When to use nodes to create textures ?

Sometimes we have to create materials for our models but after I watched a video tutorial on Youtube about this tip many questions came in my mind. More precisely, the video’s name was “How to make rust in Blender” of Blender Guru. The guy used a mixture of nodes and images etc to create rust. He used a lot of nodes and at a certain time, I lost myself. I followed a tutorial last year to create a stone with moss and it used Photoshop to create the textures ( image textures and normal ones)and the nodes in Blender to define the glossiness and other aspects of the material. With this approach, I find that someone would learn to create texture to use not only for Blender but even with other 3D software in future.
The same guy of Blender Guru made a tutorial to define the procedural texture of an orange, I was following step by step, but a certain time my pc fan lost its control and I was afraid that that one would have flown away and would have killed someone in my house. Seriously, In my scene, there was only an orange with less than 200 polys and my ( expansive) computer started to slow down.
I have an i7 7th Gen, 16 GB of RAM and a 1050 Ti GPU. I know that It’s not the best machine in the world, however, it’s powerful and can be used by a Blender hobbyist user.
If from a side, creating textures with nodes would improve the time to create textures, from the other hand it slows down the rendering time. I’m not an expert texture artist and I’m a beginner in this field so I don’t know much about it.
I want to learn more about texture, but I think that by doing it only with nodes would be slower and applicable only in Blender. I think that textures and materials should be created in different ways: textures with Photoshop/Gimp and materials with nodes, am I wrong?

Both types of texturing - procedural and image based - have their strengths and weaknesses.
One main difference between those is a bit like the difference between raster and vector images: A vector operates completely independent of image resolution, while the raster will get blocky when zooming in. So, whenever you intend to do a close up shot of your model, any image texture would have to have a gargantuan resolution (which will lead to very high use of memory) - and even that might not suffice to keep up the image quality. A procedural texture on the other hand has infinite resolution and is calculated at render time to therefore be always crisp and sharp. Yes, that needs computational time, but the memory usage will most likely be rather minimal. And in times of GPU computing, VRAM often is the first thing to be in short supply.

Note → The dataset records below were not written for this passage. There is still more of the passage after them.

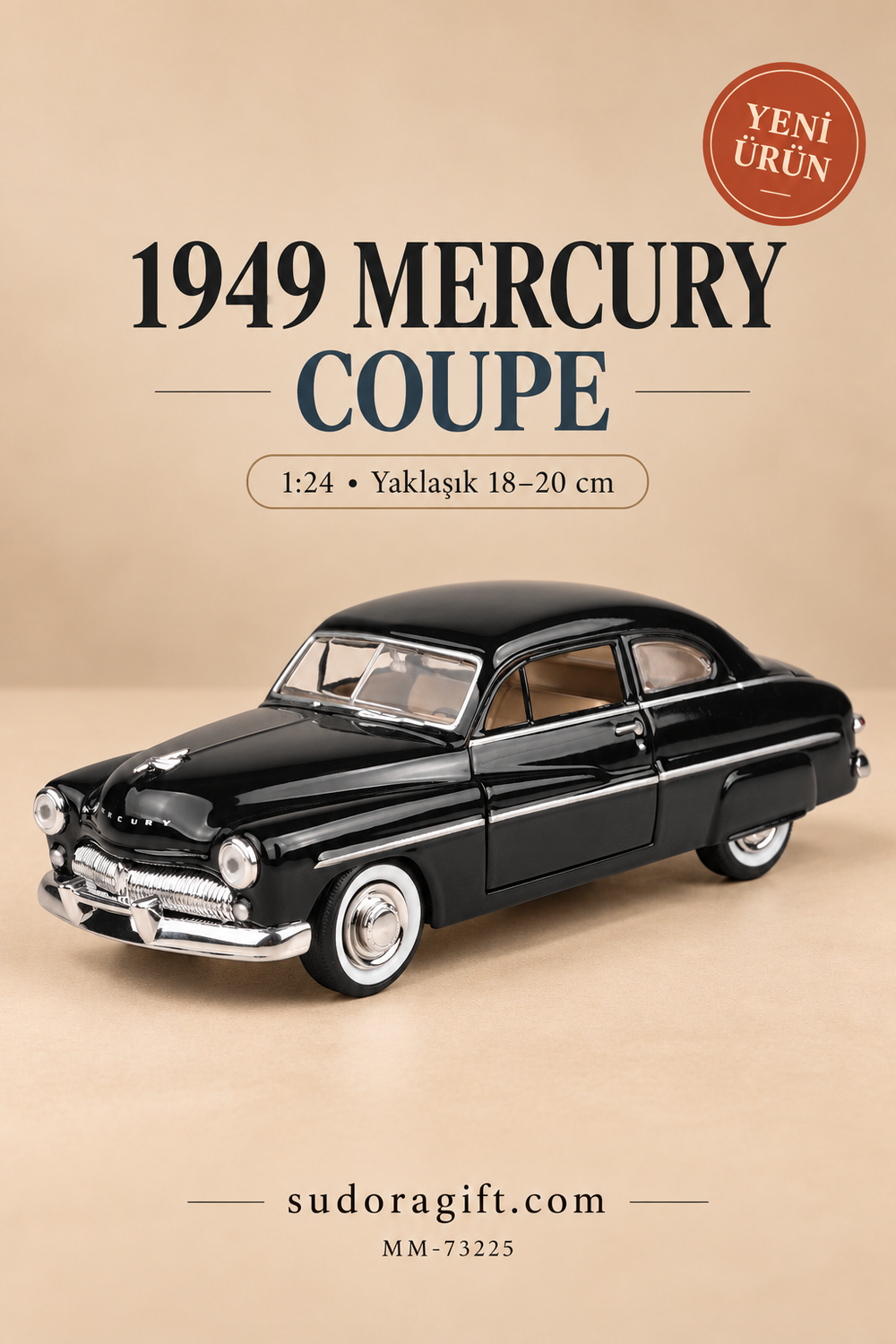 Motormax 1949 Mercury Coupe 1:24 Metal Model Araba – MM-73225 – Ana görsel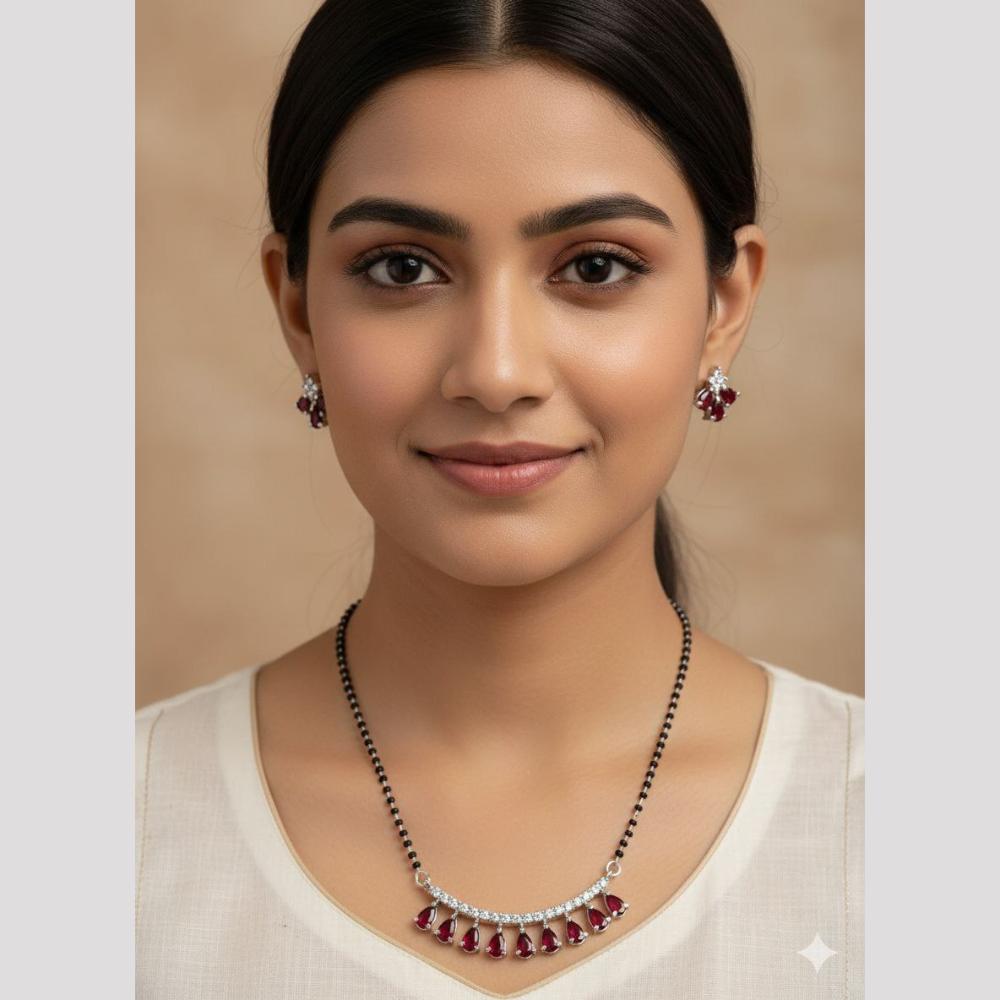 Aamrapali Designer Crystal Stone Black Beaded Mangalsutra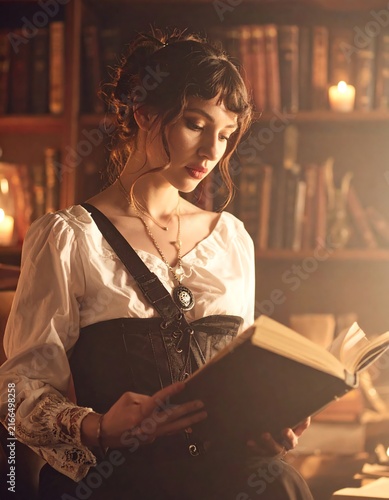 Young Woman in Vintage Clothing Reading a Book in a Candlelit Library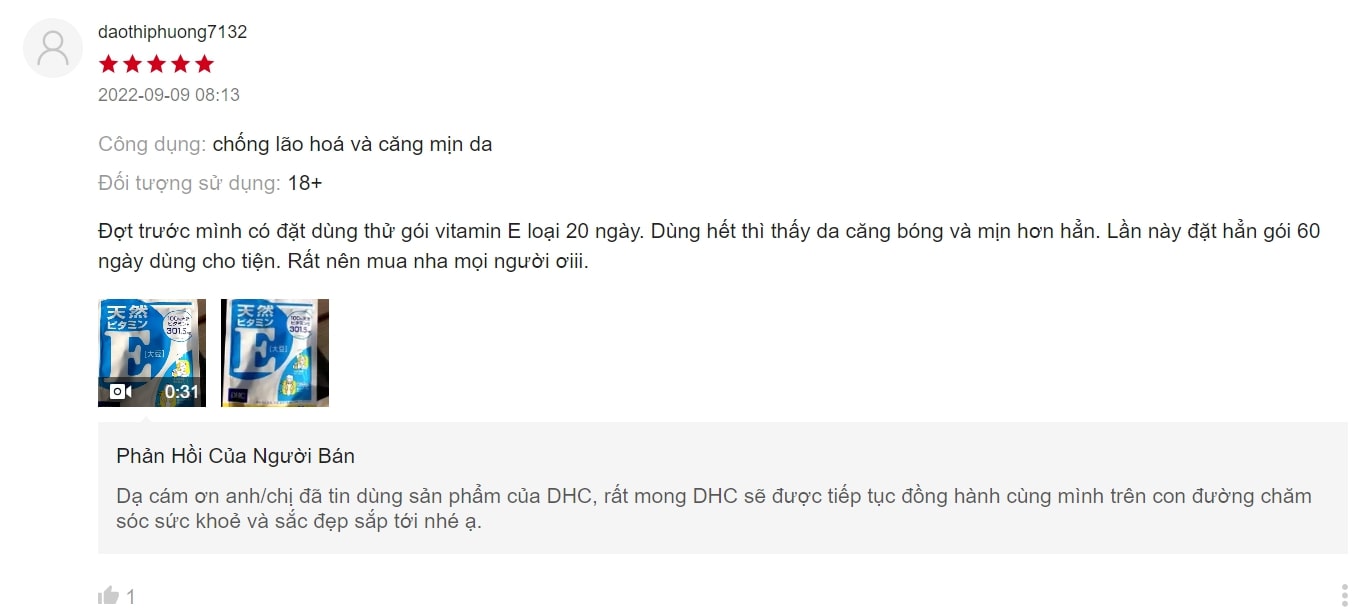 Những đánh giá tích cực từ người dùng viên uống tại Shopee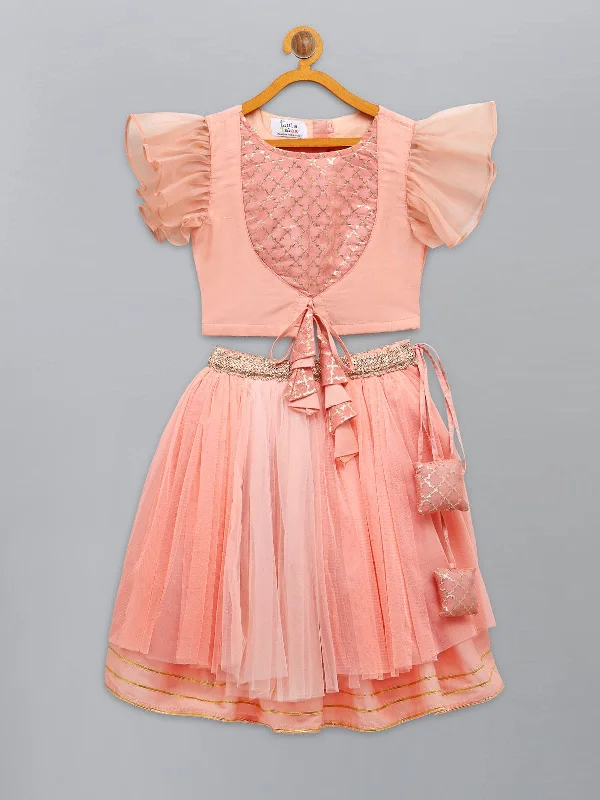 Pre-Order: Peach frilly top with Double layered net Lehenga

In addition to that procedural textures are “endless”, so you don’t run into repetition or tiling issues. Some of them (not sure if it is all) are even “3D” and can therefore be used to create variations in volumes. They don’t require uv mapping and can be created without having to shoot and optimize photos yourself or running into copyright issues with images taken from the web.

And if you need the procedural texture in a format to be used in another 3D app, you can always bake them to an image texture (thereby losing all of its procedural benefits, of course).

However, image textures have advantages, too.
Texture creation with images often takes much less time (you already mentioned the complexity of some node networks for advanced procedural textures yourself) and there are many types of textures out there (especially “natural” ones), which are hard to reproduce procedurally (even more so with the very limited set of procedurals offered by Blender).

So all depends on how close the objects will be to the camera?

No. That’s a rather coarse shortening of what I wrote. It depends on what you want to use the texture for and whether you want to profit from the benefits of the one or the other.